__Exercise prompt__: What lines below hold the string "Hotel"? Copy them all.
• • • • • • •
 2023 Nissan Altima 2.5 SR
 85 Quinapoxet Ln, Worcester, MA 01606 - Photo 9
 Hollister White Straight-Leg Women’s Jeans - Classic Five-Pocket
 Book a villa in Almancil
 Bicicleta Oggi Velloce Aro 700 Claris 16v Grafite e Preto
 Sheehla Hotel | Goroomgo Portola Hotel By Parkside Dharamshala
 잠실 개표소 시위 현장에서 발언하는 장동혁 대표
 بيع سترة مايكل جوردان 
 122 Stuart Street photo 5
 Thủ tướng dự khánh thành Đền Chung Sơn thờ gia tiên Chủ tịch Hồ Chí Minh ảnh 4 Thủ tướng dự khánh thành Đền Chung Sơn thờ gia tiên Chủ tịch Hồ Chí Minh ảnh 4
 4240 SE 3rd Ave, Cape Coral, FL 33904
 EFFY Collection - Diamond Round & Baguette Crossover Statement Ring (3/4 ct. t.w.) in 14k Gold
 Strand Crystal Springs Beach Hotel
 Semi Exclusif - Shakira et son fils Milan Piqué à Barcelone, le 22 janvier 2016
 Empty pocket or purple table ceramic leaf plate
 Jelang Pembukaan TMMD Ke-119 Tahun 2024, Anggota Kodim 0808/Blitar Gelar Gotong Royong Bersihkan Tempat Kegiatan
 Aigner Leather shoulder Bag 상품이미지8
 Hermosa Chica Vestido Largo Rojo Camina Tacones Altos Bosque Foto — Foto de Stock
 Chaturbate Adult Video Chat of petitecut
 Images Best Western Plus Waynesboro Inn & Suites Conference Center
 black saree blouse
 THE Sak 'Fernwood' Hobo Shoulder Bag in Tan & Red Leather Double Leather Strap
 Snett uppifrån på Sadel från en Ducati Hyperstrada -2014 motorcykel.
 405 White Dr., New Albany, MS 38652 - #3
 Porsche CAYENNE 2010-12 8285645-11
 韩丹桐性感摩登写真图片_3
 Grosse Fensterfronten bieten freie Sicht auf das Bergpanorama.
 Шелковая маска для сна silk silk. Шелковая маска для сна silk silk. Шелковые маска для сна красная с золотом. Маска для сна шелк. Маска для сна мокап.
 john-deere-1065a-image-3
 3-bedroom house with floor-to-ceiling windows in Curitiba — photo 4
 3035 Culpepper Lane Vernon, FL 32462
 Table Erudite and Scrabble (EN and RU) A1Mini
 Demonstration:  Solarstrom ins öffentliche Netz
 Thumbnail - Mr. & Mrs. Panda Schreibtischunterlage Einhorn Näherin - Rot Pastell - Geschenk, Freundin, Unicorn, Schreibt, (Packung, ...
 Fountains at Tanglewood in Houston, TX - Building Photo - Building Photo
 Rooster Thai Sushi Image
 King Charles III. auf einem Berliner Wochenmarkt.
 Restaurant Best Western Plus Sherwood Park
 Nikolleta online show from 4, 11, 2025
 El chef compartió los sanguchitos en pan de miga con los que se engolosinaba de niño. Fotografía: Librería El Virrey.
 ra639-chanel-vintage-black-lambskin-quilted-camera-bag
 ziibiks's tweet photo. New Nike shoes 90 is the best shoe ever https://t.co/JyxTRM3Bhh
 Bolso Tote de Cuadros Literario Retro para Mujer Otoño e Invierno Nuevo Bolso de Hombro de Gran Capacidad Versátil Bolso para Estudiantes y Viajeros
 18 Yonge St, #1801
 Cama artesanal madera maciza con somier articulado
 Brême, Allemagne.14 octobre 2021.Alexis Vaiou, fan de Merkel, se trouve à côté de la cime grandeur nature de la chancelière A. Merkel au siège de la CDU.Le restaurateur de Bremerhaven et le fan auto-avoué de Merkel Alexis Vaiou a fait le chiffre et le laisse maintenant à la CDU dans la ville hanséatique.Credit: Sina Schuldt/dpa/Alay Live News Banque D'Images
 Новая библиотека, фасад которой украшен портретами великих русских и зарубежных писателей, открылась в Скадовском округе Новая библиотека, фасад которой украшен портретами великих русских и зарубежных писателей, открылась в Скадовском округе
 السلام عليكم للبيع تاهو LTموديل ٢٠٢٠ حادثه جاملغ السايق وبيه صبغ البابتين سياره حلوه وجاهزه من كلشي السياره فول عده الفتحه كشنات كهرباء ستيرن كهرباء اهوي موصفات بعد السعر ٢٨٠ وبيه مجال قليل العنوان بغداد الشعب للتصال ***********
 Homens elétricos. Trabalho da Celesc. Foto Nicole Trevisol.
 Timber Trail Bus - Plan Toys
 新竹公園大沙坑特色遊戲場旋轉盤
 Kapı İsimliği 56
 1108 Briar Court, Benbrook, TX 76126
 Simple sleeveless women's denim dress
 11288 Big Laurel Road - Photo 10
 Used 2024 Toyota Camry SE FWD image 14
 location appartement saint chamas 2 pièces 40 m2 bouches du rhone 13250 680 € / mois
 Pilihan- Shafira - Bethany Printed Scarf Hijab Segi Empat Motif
• • • • • • •
__Response below__:
 Sheehla Hotel | Goroomgo Portola Hotel By Parkside Dharamshala
 Strand Crystal Springs Beach Hotel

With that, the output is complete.